In Blue City, Brighton Beach Is a Red Spot
This article is from the archive of The New York Sun before the launch of its new website in 2022. The Sun has neither altered nor updated such articles but will seek to correct any errors, mis-categorizations or other problems introduced during transfer.

A couple of blocks from the Brighton Beach boardwalk, two aging Russian women with painted eyebrows and shopping carts ran into a friend yesterday as she returned from voting.
A lengthy discussion and demonstration of lever-pulling ensued, but there was no question about whom to vote for: “Bush,” the three women said in unison.
The poll monitor at the Shorefront YM-YWHA, Ester Balyasay, said the women’s choice was typical of the Russian Jewish voters at the polling site.

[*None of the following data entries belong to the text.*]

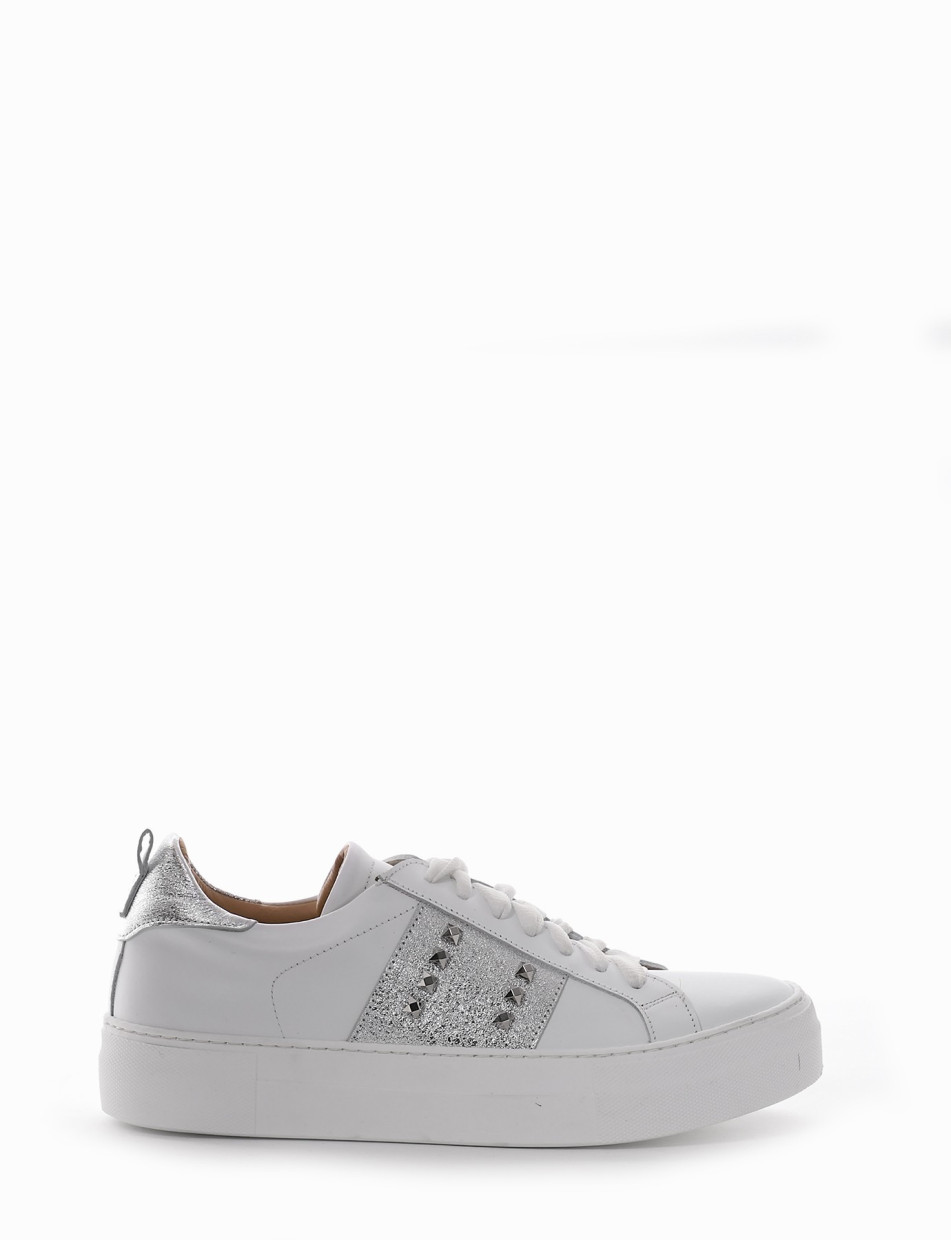 Sneakers white leather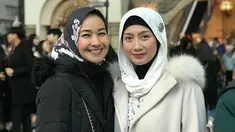 Alya Rohali pertama kali bertemu dengan Desy Ratnasari di lokasi syuting sinetron 'Meniti Cinta'. Kala itu, popularitas Desy disebut sedang berada di puncaknya. Meski begitu, ternyata anggota DPR RI itu sangat humble dan tidak sombong. Alya mengungkapkan, Desy sangat profesional dan tepat waktu dalam bekerja. (Liputan6.com/IG/@arohali)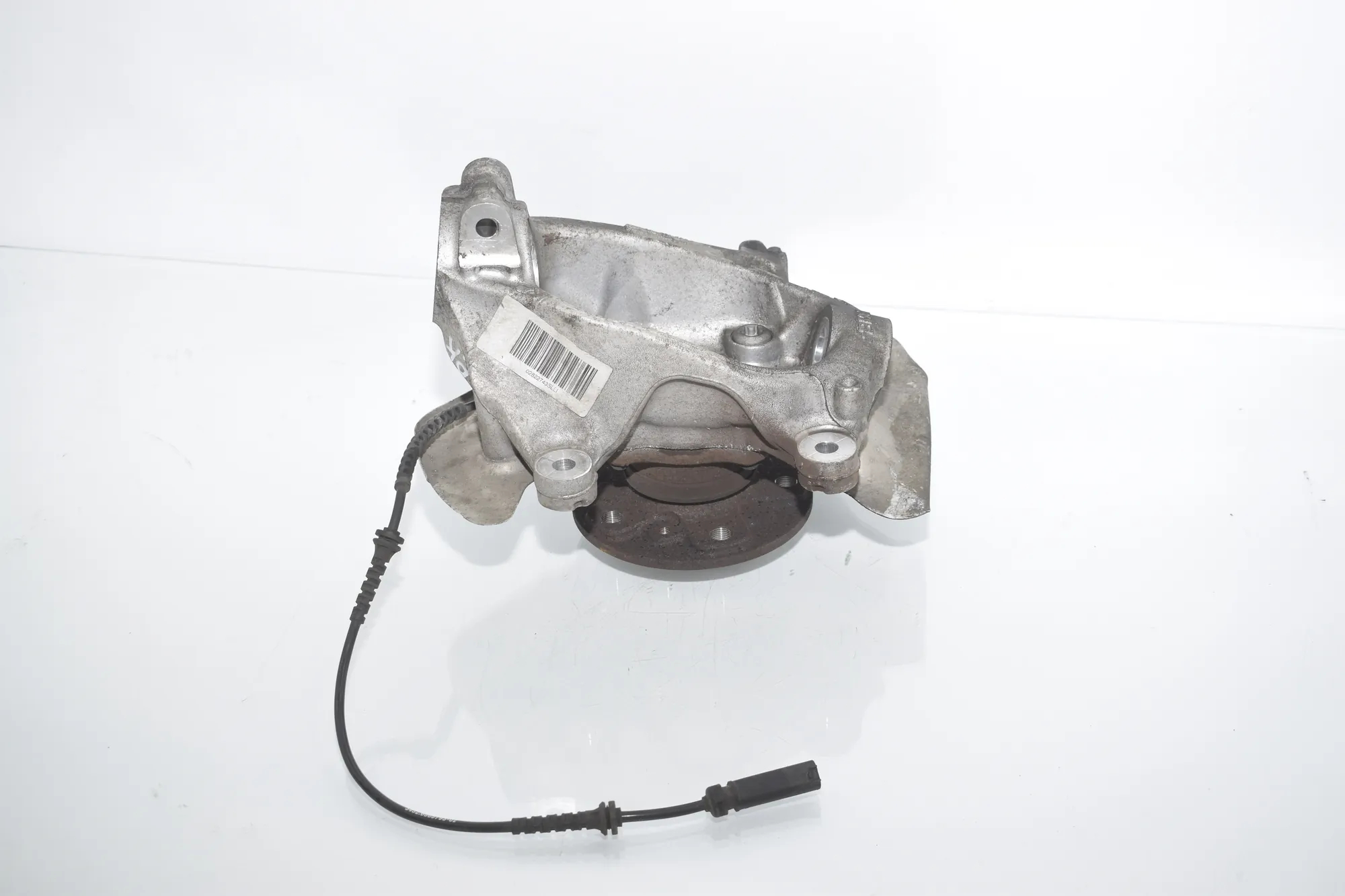 Front Left Wheel Hub – OEM 6852159 · BMW i3 (I01) s Electric 2022 – 2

“They like Bush because Bush is a strong man,” said Ms. Balyasay, an immigrant from the Ukraine, in between fielding such questions about how many switches to push and what to do after a vote is cast. “They’re happy that Bush lets Israel do what they want. Bush says everybody have to protect themselves.”
In a state where Senator Kerry was swept to victory, Assembly District 46 in Southern Brooklyn was awash yesterday with Russian-speaking supporters of President Bush.
While the heavily Russian district’s 11,901 enrolled Republicans account for less than one-quarter of the district’s registered voters, according to statistics from the state Board of Election, they outnumbered the enrolled Republicans in any other district in the borough.
And the actual number of votes cast for Mr. Bush in the district would probably be much higher, the president of the Russian-American Voters Education League, Vladimir Epstein, predicted yesterday. He said that of the roughly 300,000 Russian-speaking Jews in New York, about one-half live in Southern Brooklyn.
“Russian-American Voters Education League was receiving endless questions asking whether if they were registered Democrats should they be switched to Republican,” Mr. Epstein said. “Their thoughts about the future of Israel made them to vote for Bush. Really, in his campaign, Kerry wasn’t so clear about his plans in the Middle East.”
Yury Baraz, 84, an immigrant from Ukraine, registered as a Democrat after he became a citizen a decade ago. But he did not vote for Mr. Kerry yesterday.
“Bush is an authentic individual, a mensch. He understands the role of military power. He is a strong man, ” Mr. Baraz said in Yiddish through a translator, proudly describing how he marched from Moscow to Berlin as a soldier during World War II.
“If you listen to Kerry not one time, not four times, not 10 times,” Mr. Baraz said, “over and over he says I will do this or that. My mother always told me judge a man by what he does, not by what he says. Bush does.”
Mr. Baraz said he supported the strong stance the president had taken in Iraq and against terrorism, adding, “Everybody in the neighborhood feels this way.”
Not Fira Kaplansky, a middle-aged immigrant from Belarus who wore a pale pink ensemble and silver sneakers with Velcro straps. “Kerry represents the middle class, the poor people. That’s why I voted for him,” Ms. Kaplansky said after casting her vote at the Shorefront Y. Next to her, her husband, Vladimir Multan, who emigrated from Moldova 13 years ago, stood shaking his head. “I feel more safe with Bush,” Mr. Multan said, asserting that all of his friends felt the same way. “He’s good to attack the terrorists.”
Ms. Kaplansky sighed, shook her fingers at her husband and said, “It’s the whole night like this.”